I also didn't know you left the seats at the rental company, that's more new information for me that is interesting.

Thanks

A related question, if anyone knows. Mexico has some kind of a zone near the border, and if you cross into Mexico from the US you don't need any car paperwork if you stay in that zone, correct? Something like 20 miles? My question is whether the US has a similar zone. My storage unit in Laredo is just 4 miles from the border.


----------



## TundraGreen (Jul 15, 2010)

eastwind said:


> Thanks, you've posted your story before, and I'm using it as inspiration, but I didn't realize yours was a rented van, I thought all along that you owned it.
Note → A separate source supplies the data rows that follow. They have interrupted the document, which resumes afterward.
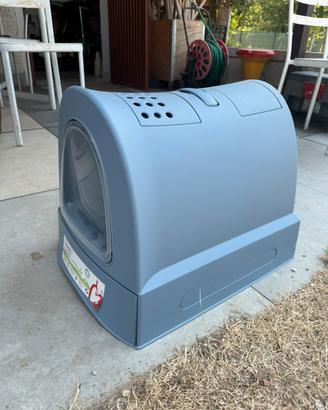 Lettiera chiusa per gatti con porta basculante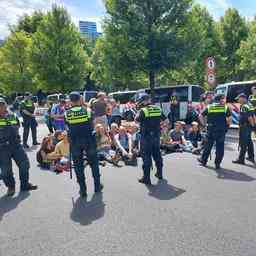 Weitere dreissig Organisationen unterstuetzen Klimaprotest mit A12 Blockade Innere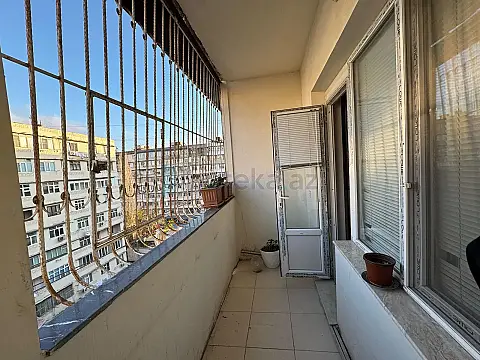 Satılır 3 otaqlı köhnə tikili 90 m²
There are a lot of Hertz places here in Cancun, and I bet they could rent me a 20 passenger van. Based on MangoTango's encouragement, I will at least ask if it's possible to rent to drive into the US. I'm sure Hertz US could give me insurance for $20/day or something, like I was renting a US vehicle from them, but whether I can get it _without _rent a US vehicle would be interesting. It would certainly be cheaper to rent than buy used and resell.
> 
> I also didn't know you left the seats at the rental company, that's more new information for me that is interesting.
> 
> ...


There is no equivalent zone on the US side of the border. But there is also no paperwork required to bring a Mexican vehicle into the US.


----------